MIT News
May 8, 2014
KI researchers led by Paula Hammond, David H. Koch Professor of Engineering, and Michael Yaffe, the David H. Koch Professor of Science, have engineered new, “smart” nanoparticles that directly target tumor cells to deliver multiple drugs in a staggered, precisely-timed regimen.
In 2012, the Yaffe Lab showed that the timing of drug administration can make a great difference in the success of combination treatments. Yaffe’s team discovered that pre-treating tumor cells with erlotinib, a therapeutic that shuts down uncontrolled tumor growth, before administering a DNA-damaging agent called doxorubicin, is more effective than giving the two drugs simultaneously.

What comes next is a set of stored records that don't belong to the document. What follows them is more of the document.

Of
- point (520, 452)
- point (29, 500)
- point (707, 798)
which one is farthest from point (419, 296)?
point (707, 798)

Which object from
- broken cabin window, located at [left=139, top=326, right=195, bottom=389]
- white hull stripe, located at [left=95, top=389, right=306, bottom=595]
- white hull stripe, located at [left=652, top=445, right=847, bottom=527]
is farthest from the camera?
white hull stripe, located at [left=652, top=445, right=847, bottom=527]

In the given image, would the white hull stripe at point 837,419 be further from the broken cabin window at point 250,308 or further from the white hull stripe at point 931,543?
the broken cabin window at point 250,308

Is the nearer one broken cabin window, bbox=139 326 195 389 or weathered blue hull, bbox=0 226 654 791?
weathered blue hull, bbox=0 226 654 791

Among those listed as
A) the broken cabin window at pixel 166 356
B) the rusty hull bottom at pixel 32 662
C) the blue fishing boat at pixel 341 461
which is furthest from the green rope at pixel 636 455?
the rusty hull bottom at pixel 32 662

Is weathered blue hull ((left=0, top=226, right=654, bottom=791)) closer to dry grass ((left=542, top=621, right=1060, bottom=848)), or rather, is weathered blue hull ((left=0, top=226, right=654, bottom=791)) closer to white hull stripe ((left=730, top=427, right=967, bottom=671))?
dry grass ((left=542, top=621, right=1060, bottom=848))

As part of efforts to adapt the findings for patient care, Yaffe enlisted the help of KI colleague Paula Hammond. Hammond and her team designed dozens of nanoparticles to carry Yaffe’s treatment and found that liposomes, small droplets covered in a fatty shell, were most effective. With the first drug, erlotnib, injected in the outer layer, and the second, doxorubicin, contained in the inner core, the liposomes dispatched treatment to the cells at ideal intervals as the particles broke down in the body. In the study, published in Science Signaling, this treatment was shown to effectively knock out triple-negative breast tumors and non-small-cell lung tumors in mouse models. The researchers hope to expand time-staggered treatment to other types of chemotherapy.
This work was supported in part by the Koch Institute Frontier Research Program through the Kathy and Curt Marble Fund for Cancer Research.